Sally Hawkins in "Made in Dagenham."

Ford is having a great year, and I just bought one of its new Fusions. How would I feel if I discovered the women building it had been paid less than the men, simply because they were ... well, women? If a woman does the same job as a man, should she receive the same pay? Yes, says common sense. No, say corporations who will disregard anything in the search for profits.

Ford, let me hasten to add, has a policy of equal pay for equal work. It was not always that way with Ford, and to be fair, most corporations. “Made in Dagenham” takes place as recently as 1968, when the British Ford plant in Dagenham paid women significantly lower wages than men — with the agreement of their own unions and the Labour government of Harold Wilson.

Why was this so? Did they do less work? No. In fact, they were highly productive. It was so because the unions, the company and the government were run by men, and I dunno, I guess they just weren't used to thinking about women in that way. “Made in Dagenham” is a delightfully entertaining movie based on fact. The women went on strike, annoyed their unions and their husbands and embarrassed Wilson, who was caught with his principles down.

Sally Hawkins, that emerging dynamo of British acting, stars as Rita O'Grady, who sews automobile seat covers in what is literally a sweatshop; she and her co-workers have to strip down to bra and panties because of the unbearable heat. Her union organizer Albert Passingham (Bob Hoskins) is a left-winger whose principles run deeper than his union's.
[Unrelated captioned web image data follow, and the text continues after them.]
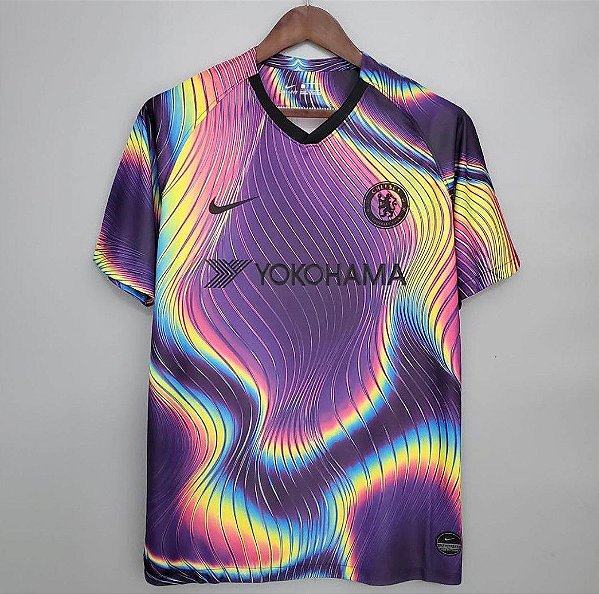 Camisa chelsea 2021 Clearance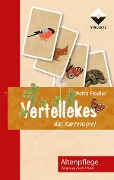 Cover-Bild zum Titel 'Vertellekes' von 'Petra Fiedler'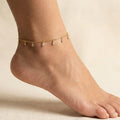 Butigini Crystal Dew Anklet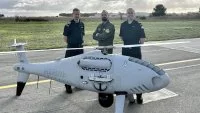 Les équipes de drones de la Royal Navy et de la Marine nationale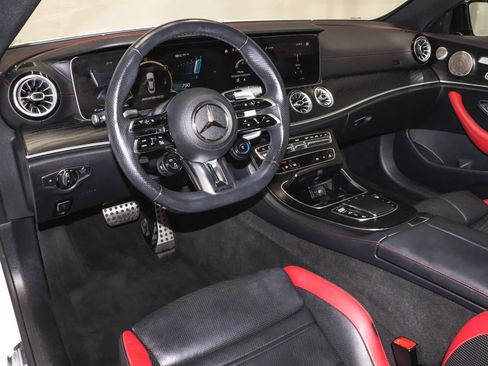 Used 2023 Mercedes-Benz E 53 AMG 4MATIC Coupe image 18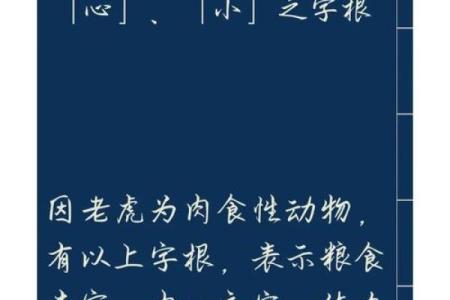 生肖虎公司起名的创意与策略指南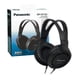 thumbnail image 4 of Audifonos Manos Libres Over Ear Jack 3.5mm Negro Rp-ht161, 4 of 5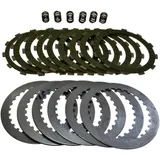 Clutch Kit Aramid EBC Plates & Springs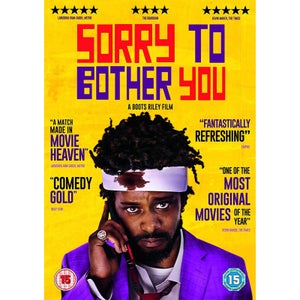 Sorry to Bother You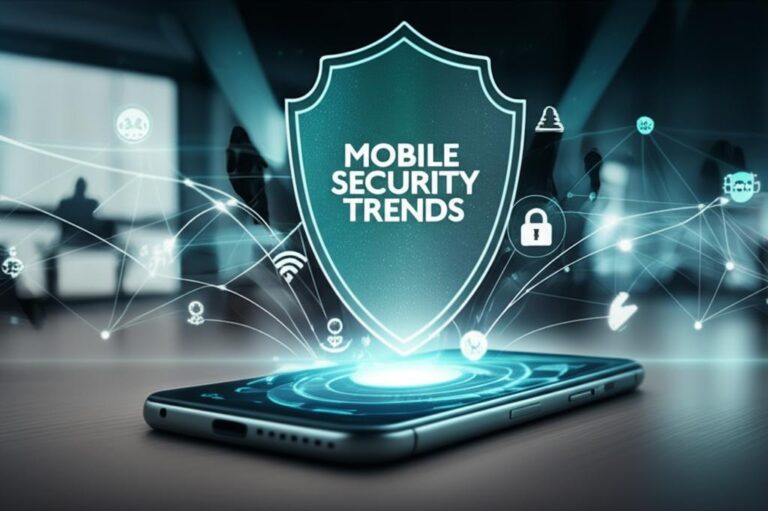 Fortifying Your Digital Shield: Essential Mobile Security Trends of 2025
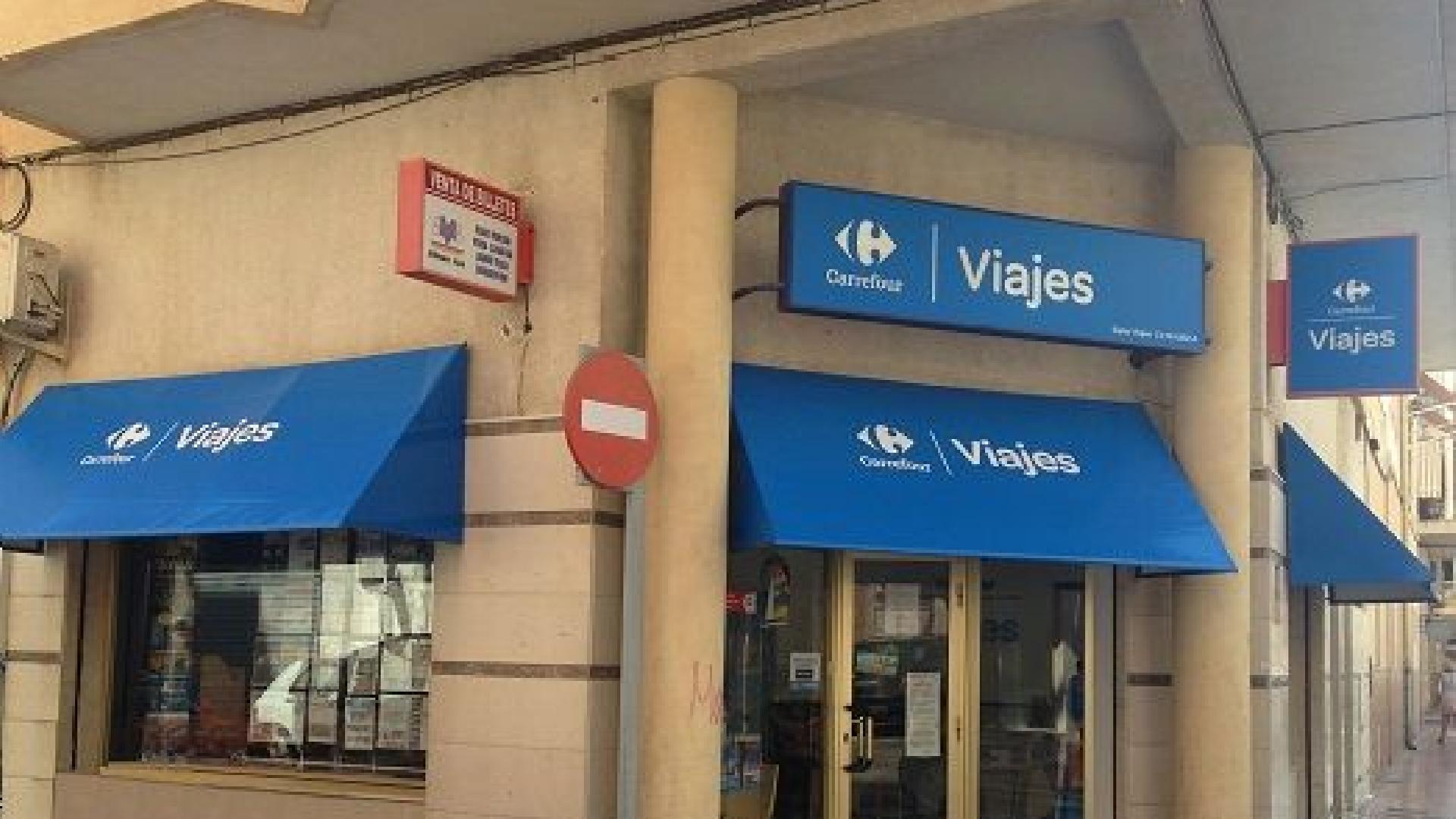 VIAJES CARREFOUR SANTA POLA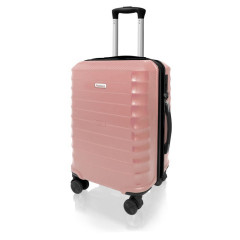 Cestovný kufor AVANCEA DE32362 Rose gold S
He was raised by a brave mother, instinctively admires women and sees with his own eyes that unequal pay is wrong.

Rita, a quiet woman, almost by accident becomes the shop steward. Albert spots the way her humanity cuts through politics. Using her first as a surrogate, he encourages the idea of a strike. The head of the union (Kenneth Cranham) at Ford “works closely with management,” as they say, and the government is also not eager to alienate a big corporate employer. All Rita O'Grady knows is that she works hard and believes that what's fair is fair.

A brief strike escalates into a much larger one. Her own husband, Eddie (Daniel Mays), is against her. The usual alarms circulate about left-wing influences. But when Rita is seen on the telly (and she is), she makes it all seem so simple (because it is). The strike at Dagenham changed history, in England and America, at Ford and many other manufacturers and elsewhere in the developed world. It's one reason so many jobs are outsourced to places where labor unions and equal pay do not find favor.

The struggle is far from over. Only last week, a Republican filibuster in the U.S. Senate prevented passage of the Paycheck Fairness Act, which would have added teeth to measures for equal pay. You don't see many GOP ads saying it's against equal pay, but it is. So are corporations, and there may be a connection, but it's harder to say now that corporate political contributions can be secret.

But back to Dagenham. Although Albert set the ball rolling, Rita quickly found tons of support, some of it in unlikely places. One backer of the strike was the government's Labor minister, Barbara Castle (Miranda Richardson). A “fiery redhead” (why are all redheads “fiery”?), she defied the pipe-puffing Wilson, who didn't want to alienate Ford.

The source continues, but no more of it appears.